Volume 2017 |Article ID 6834692 |

Quraish Ghadiali, Sarwar Zahid, Rosa Dolz-Marco, Anna Tan, Michael Engelbert, "An Assessment of Vitreous Degeneration in Eyes with Vitreomacular Traction and Macular Holes", Journal of Ophthalmology, vol. 2017, Article ID 6834692, 6 pages, 2017.

An Assessment of Vitreous Degeneration in Eyes with Vitreomacular Traction and Macular Holes

Academic Editor: Luke Nicholson
Received20 Sep 2016
Accepted13 Dec 2016
Published04 Jan 2017


Purpose. To compare the stages of vitreous degeneration in patients with vitreomacular traction (VMT) and macular holes (MH). Methods.
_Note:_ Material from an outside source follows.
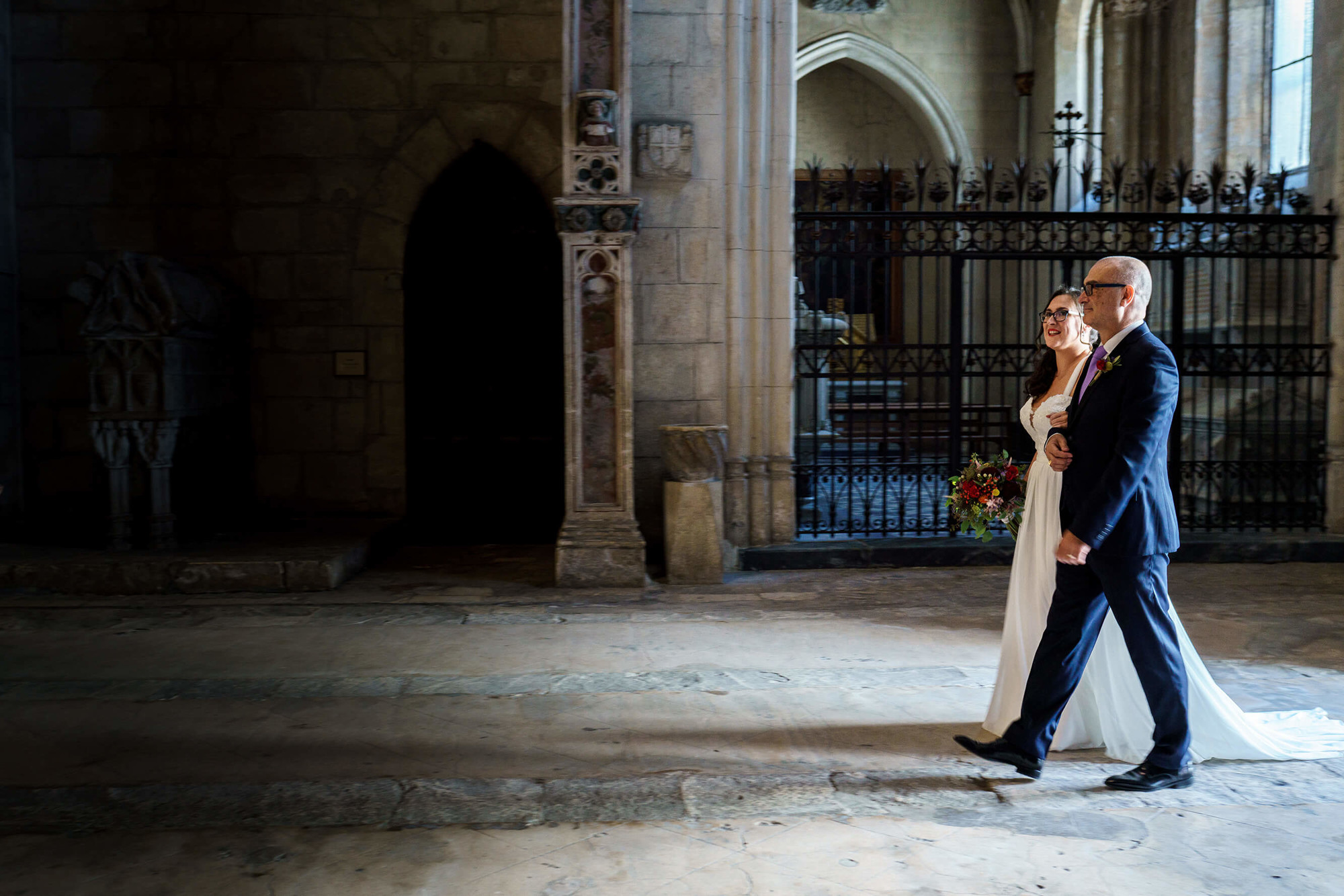 La novia entra en la iglesia de Sant Francesc en Vilafranca del Penedés.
A retrospective study was performed analyzing stages of vitreous degeneration of eyes with VMT or MH using swept-source optical coherence tomography (SS-OCT) and spectral-domain optical coherence tomography (SD-OCT). An analogous review was performed on a control group of eyes with contralateral posterior vitreous detachments. Thirty-four eyes with VMT/MH and 39 control eyes were reviewed. Results. Twenty-seven VMT/MH eyes and 31 control eyes were included. Eyes with VMT/MH demonstrated significantly earlier stages of vitreous degeneration when compared to the control group () despite significantly greater age (). Conclusions. Vitreoretinal interface disease is more often associated with a formed vitreous and an intact premacular bursa. This is contrary to previous assumptions implicating degeneration of vitreous as a precipitating factor of interface disease when in conjunction with abnormal vitreomacular separation.

1. Introduction

Multimodal imaging has promoted a better understanding of vitreoretinal interface disease. Visualization of the structural alterations of the retina and the vitreoretinal interface has changed both the diagnosis and management of vitreomacular traction (VMT) and macular holes (MH). However, our understanding of the role of the vitreous body itself in this spectrum of disease has been neglected. As a result, it is typically accepted that progression of vitreous degeneration may be responsible for disease in an eye with a pathologically adherent cortical vitreous [1]. However, this theory has not been substantiated by in vivo imaging modalities.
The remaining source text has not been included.